Certains ont accusé la haute cour d’avoir monnayé les sièges alors que d’autres y voient la main noire du Front Commun pour le Congo, unique regroupement à avoir tout raflé lors de ces contentieux. Face au tollé suscité par cette vague d’invalidations, le président de la haute instance judiciaire du pays a été convoqué lundi à la présidence de la République.
Reçu par Félix Tshisekedi, Benoit Lwamba s’est expliqué notamment sur le retard accumulé pendant l’examen de ces contentieux. En effet, les juges ont pris plus de temps que prévu par la loi qui leur accorde seulement soixante jours pour examiner les dossiers et rendre les décisions finales. Le président de l’institution justifie ce retard par le nombre élevé des requêtes en contestations reçues par la cour qui compte moins de dix juges.
« A la Cour, il n’y a que 7 juges qui peuvent siéger en cette matière. Vous comprenez vous-même que 1240 dossiers pour 7 juges en 2 mois, humainement ce n’est pas possible », a indiqué le président de la cour, après sa rencontre avec Félix Tshisekedi.
Ce dépassement de délai a suscité plusieurs réactions de la part de certains doctrinaires qui pensent que les hauts-magistrats ont intentionnellement violé les textes légaux. Intervenant dimanche dans le journal de 20h sur la RTNC, la télé publique, professeur André Mbata, constitutionnaliste proche du président Tshisekedi avait plaidé en faveur des sanctions contre les neuf juges de la cour qui ont violé, selon lui, l’article 72 de la constitution.
« Se donner plus de 110 jours pour rendre des arrêts qui devaient être impérativement rendus en 60 jours peut ne pas relever de l’incompétence ou de la paresse, mais un tel déni de justice devrait être considéré au minimum comme un intolérable manquement aux devoirs de leurs charges qui ne devrait pas rester politiquement impuni », avait déclaré André Mbata.
Difficile de savoir si les moyens de défense présentés par Benoit Lwamba ont convaincu Félix Tshisekedi.
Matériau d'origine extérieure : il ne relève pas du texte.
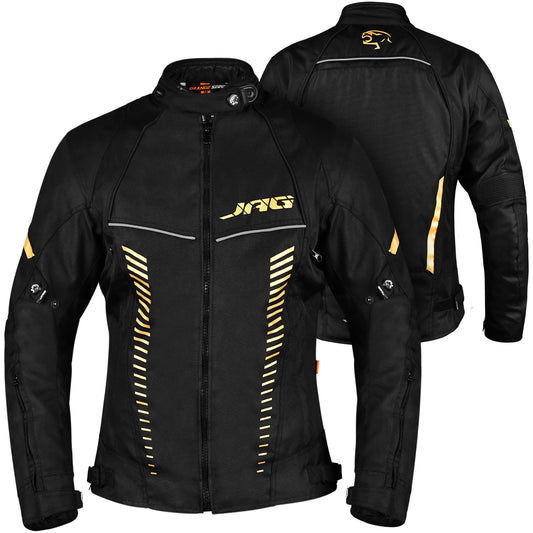 Chaqueta de moto de turismo para mujer Diana (negra)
Acculée par la pression populaire, la haute cour a promis de réexaminer certains dossiers qui contiendraient d’erreurs matérielles. Les premières audiences de cette chambre spéciale pourraient se tenir ce mardi.
« Les personnes qui pensent que la Cour s’est trompée sont revenues avec des requêtes. On parle d’une commission, mais c’est toujours la Cour qui va voir si ces requêtes sont oui ou non fondées », a souligné M. Lwamba.
Selon l’article 168 de la constitution, les arrêts de la Cour constitutionnelle ne sont susceptibles d’aucun recours et sont immédiatement exécutoires. Mais « ses décisions peuvent être attaquées par la seule voie de rectification d’erreur matérielle », a nuancé le haut magistrat.